VTech Announces 2012/2013 Interim Results
HONG KONG, Nov. 14, 2012 /PRNewswire/ –
- Group revenue was up by 2.1% to US$876.1 million
- Profit attributable to shareholders of the Company increased by 3.1% to US$91.2 million
- Strong balance sheet, with deposits and cash of US$108.9 million
- Interim dividend of US16.0 cents per ordinary share, same as the dividend paid in the corresponding period last year
VTech Holdings Ltd (HKSE: 303) today announced its results for the six months ended 30 September 2012, reporting higher revenue and profit amid weak economic conditions.

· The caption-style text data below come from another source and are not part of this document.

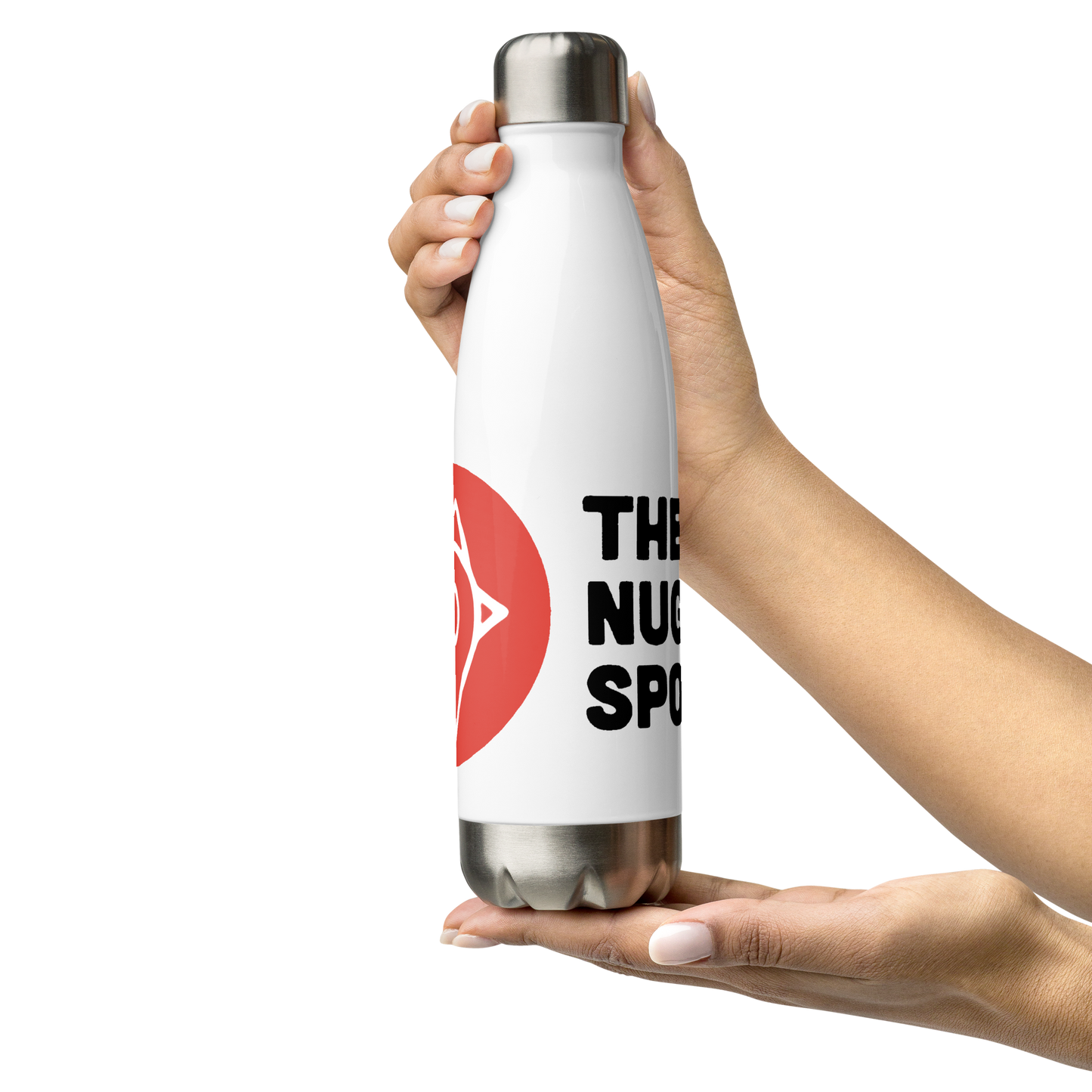 Hands holding The Nugget Spot Stainless Steel Water Bottle upright, displaying the red logo clearly.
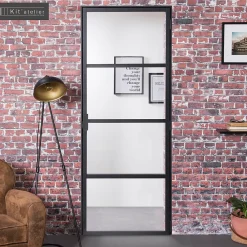 Bloc-porte Loft 4 carreaux vitrés transparents, poussant gauche, coloris noir mat H.213 x l.83cm- Bloc Porte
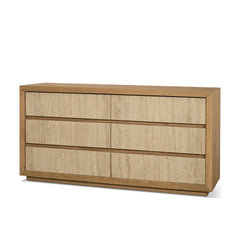 Travona Natural Oak Wood with Travertine 6 Drawer Dresser - Ornate Home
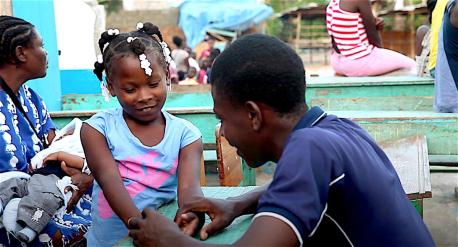 Loudina, eight-year-old Haitian girl orphaned by Hurricane Matthew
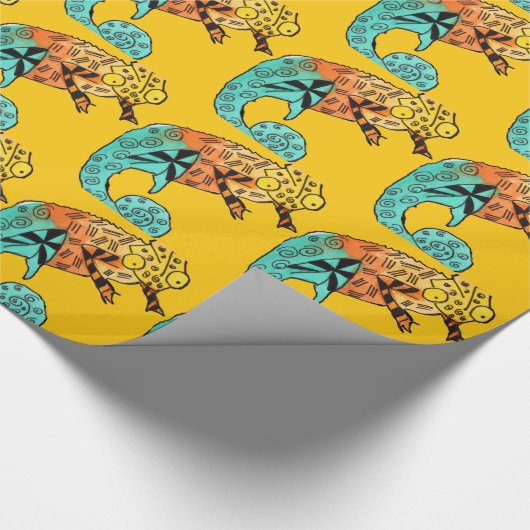 Gele kameleinkt cadeaupapier (Hoek)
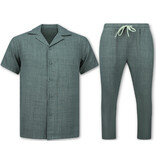 ENOS Twinset -  Zomerset Heren - Linnen Look Shirt Heren - Zomer Broek Heren - MG-011 - Grijs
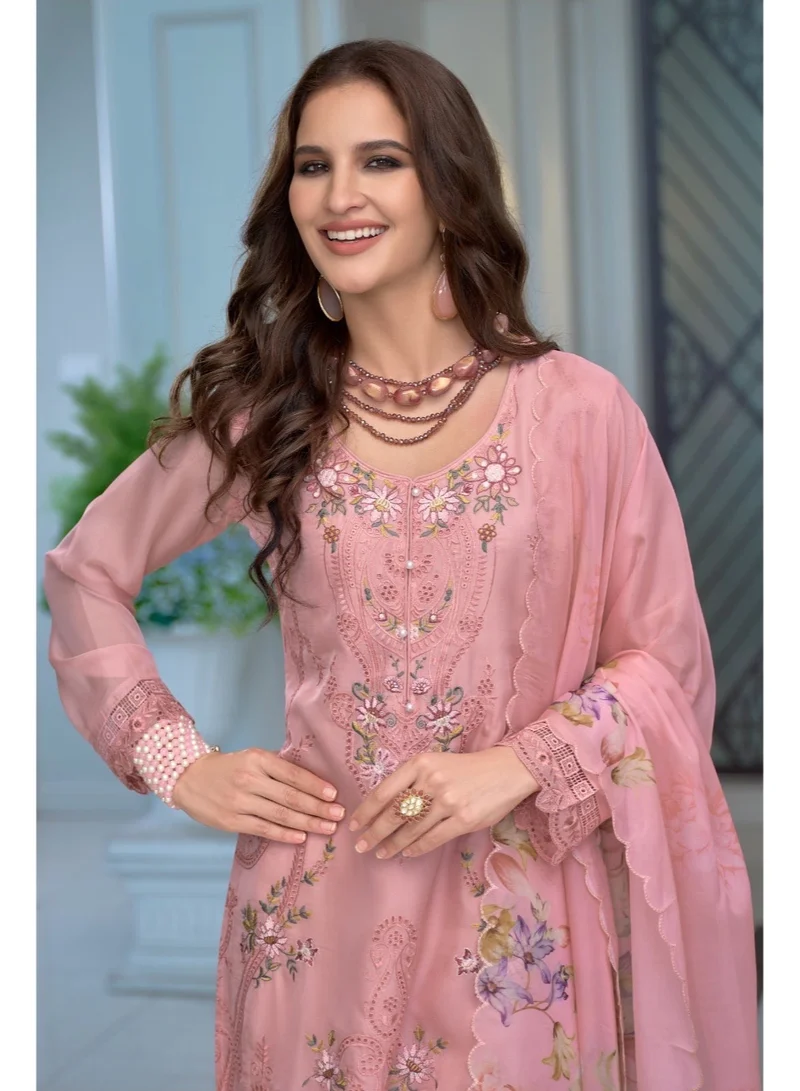 Ameya Pink-embroidered-organza-straight-kurta-sets-with-dupatta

Group revenue for the six months ended 30 September 2012 increased by 2.1% over the same period of the previous financial year to US$876.1 million. This was primarily due to higher revenue in North America and Europe, where electronic learning products (ELPs) and contract manufacturing services (CMS) recorded growth. Higher revenue from telecommunication (TEL) products and ELPs in Asia Pacific also contributed to the increase in Group revenue.
Profit attributable to shareholders of the Company increased by 3.1% to US$91.2 million. The increase in profit was mainly attributable to higher revenue and a modest improvement in operating profit margin. Basic earnings per share consequently increased by 2.5% to US36.5 cents, compared to US35.6 cents in the corresponding period last year.
The Board of Directors has declared an interim dividend of US16.0 cents per ordinary share, which is the same as the dividend paid in the corresponding period last year.
“I am pleased to report that the Group managed to grow its top line in the first half of the financial year 2013, despite weak economic conditions in our major markets. Profit was modestly higher as margin stabilised,” said Mr. Allan Wong, Chairman and Group CEO of VTech Holdings Limited.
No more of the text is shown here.